Climate Stripes

I’m obviously not keeping up. Fortuitously, son slipped me the ‘climate’ issue of The Economist from September 2019, which features these ‘climate stripes’. (Our children are of course there to educate us!)

Each stripe in the featured image represents the global temperature averaged over a year, from 1850 to 2018. You can see that the stripes “turn from mainly blue to mainly red in more recent years, illustrating the rise in average temperatures”.

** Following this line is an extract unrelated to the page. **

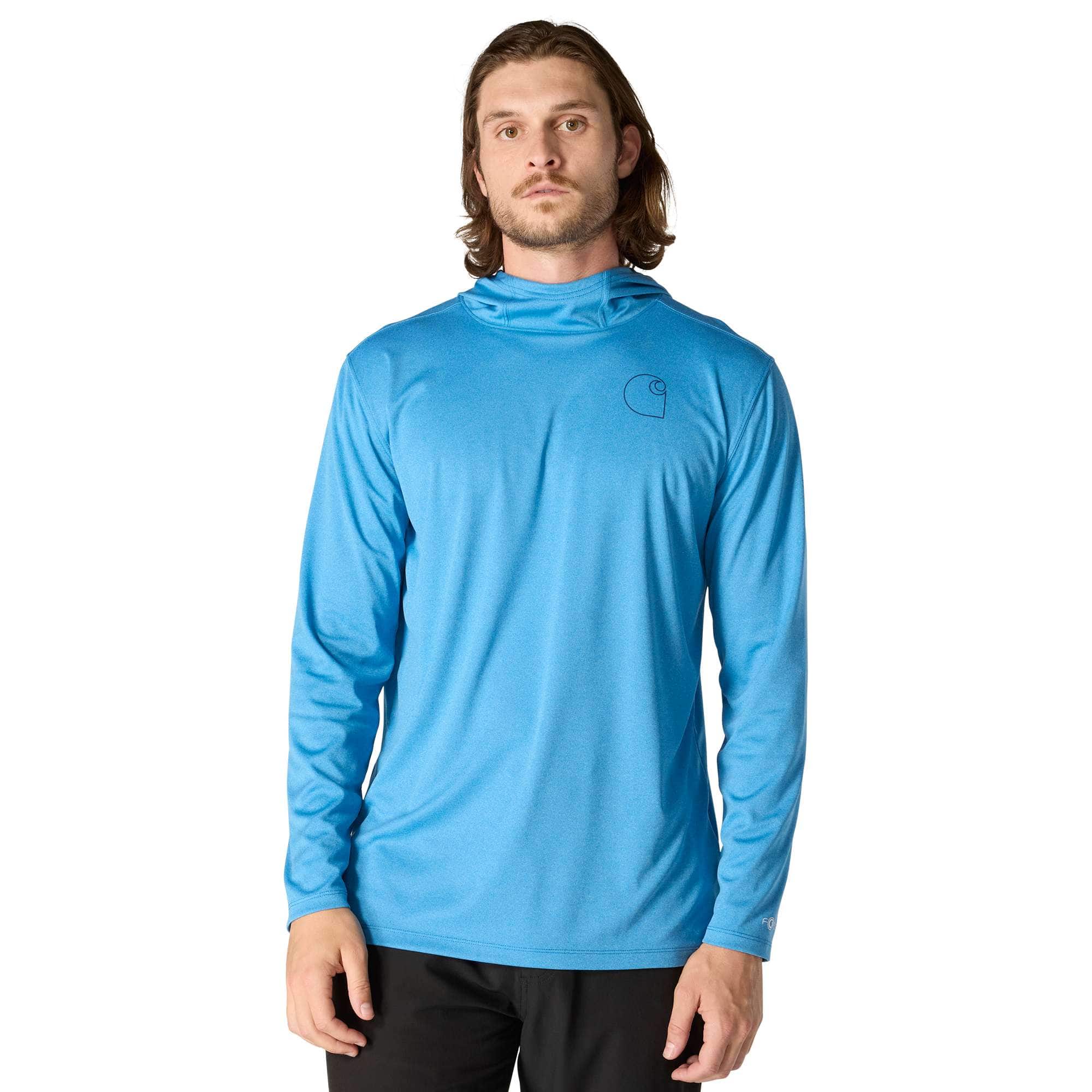 Additional thumbnail 1 of Force Sun Defender™ Lightweight Long-Sleeve Hooded Logo Graphic T-Shirt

As well as being informative, this presentation is aesthetically pleasing. What a wonderful way of communicating the reality of global temperature change. It was created by scientist: Ed Hawkins of Reading University, using data from Berkeley Earth, NOAA, UK Met Office, MeteoSwiss, DWD. The stripes have been widely used worldwide for some time, see the story.

The show your stripes website enables you to download the stripes for your own country. For example here’s England and then Texas (with slightly differing start dates).

_stripes_EUROPE-United_Kingdom-England-1884-2018-MO_stripes_NORTH_AMERICA-USA-Texas-1895-2018-NO

One can speculate on how the stripe pattern in different areas might reflect their different attitudes to climate change.

Interestingly, the debate has moved on from September, in that ‘climate breakdown’ is now the commonly used terminology instead of ‘climate change’ as in the above Economist article – but that is of course a mainstream business magazine.